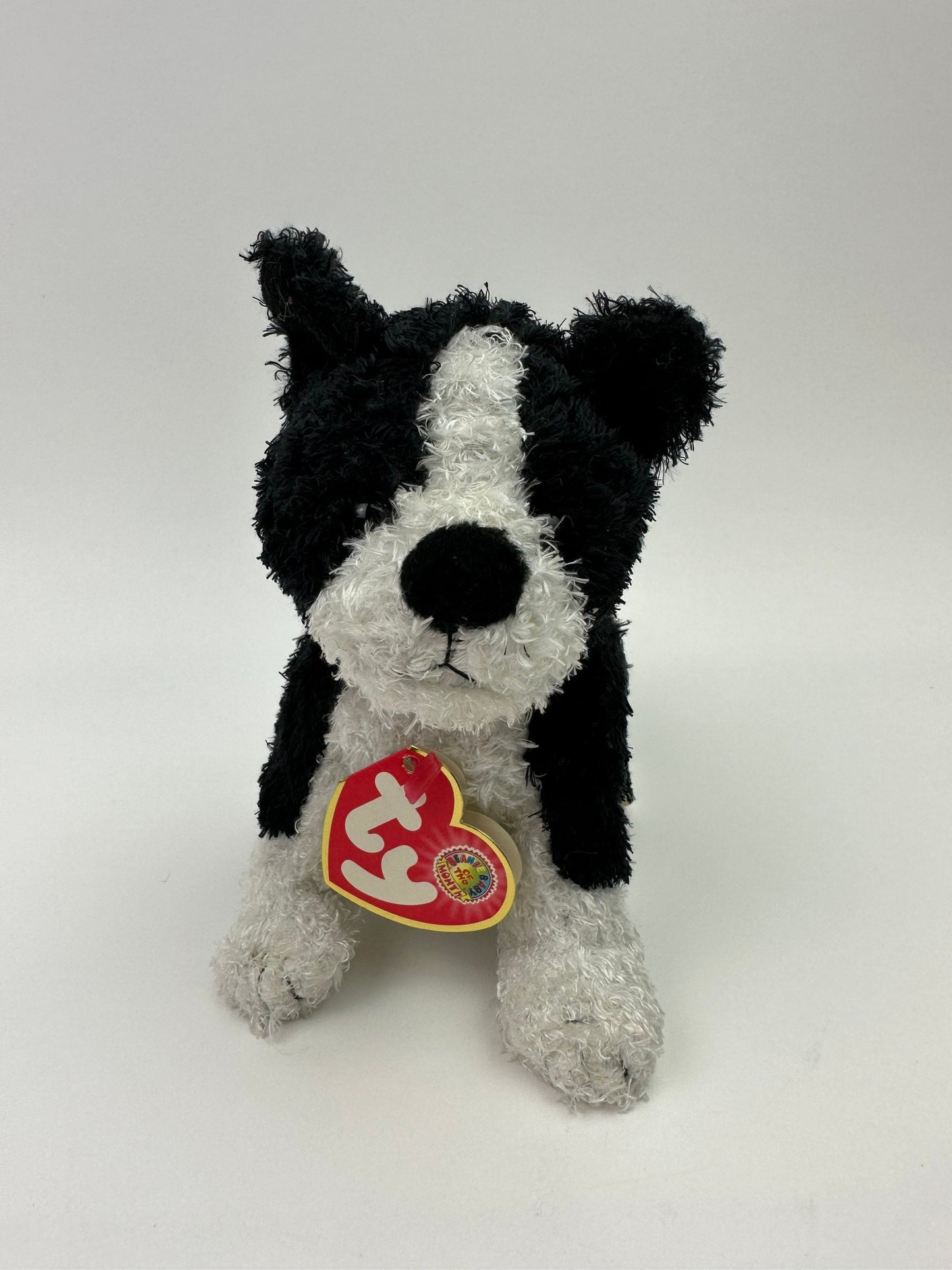 Ty Beanie Baby “Barklowe” the Black and White Dog! Beanie Baby of the Month (6.5 inch)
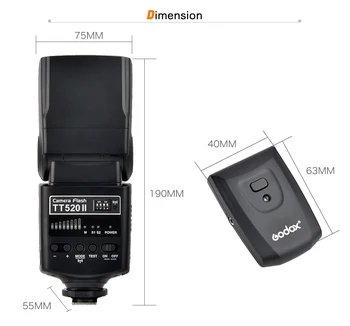 Godox Camera Flash Lights TT520II Built-In 433MHz Wireless Signal, Suitable for Can** Nik** Pentax So** Fuji Olympus SLR Camera product image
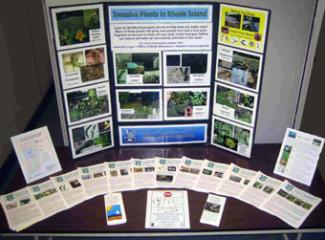 Outreach and Education materials about aquatic invasive species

++++++++++

## EXERCISE PROMPT
Copy all of the data above exactly. Leave out every picture.

## EXERCISE SOLUTION
 Ty Beanie Baby “Barklowe” the Black and White Dog! Beanie Baby of the Month (6.5 inch)
 Godox Camera Flash Lights TT520II Built-In 433MHz Wireless Signal, Suitable for Can** Nik** Pentax So** Fuji Olympus SLR Camera product image
 Outreach and Education materials about aquatic invasive species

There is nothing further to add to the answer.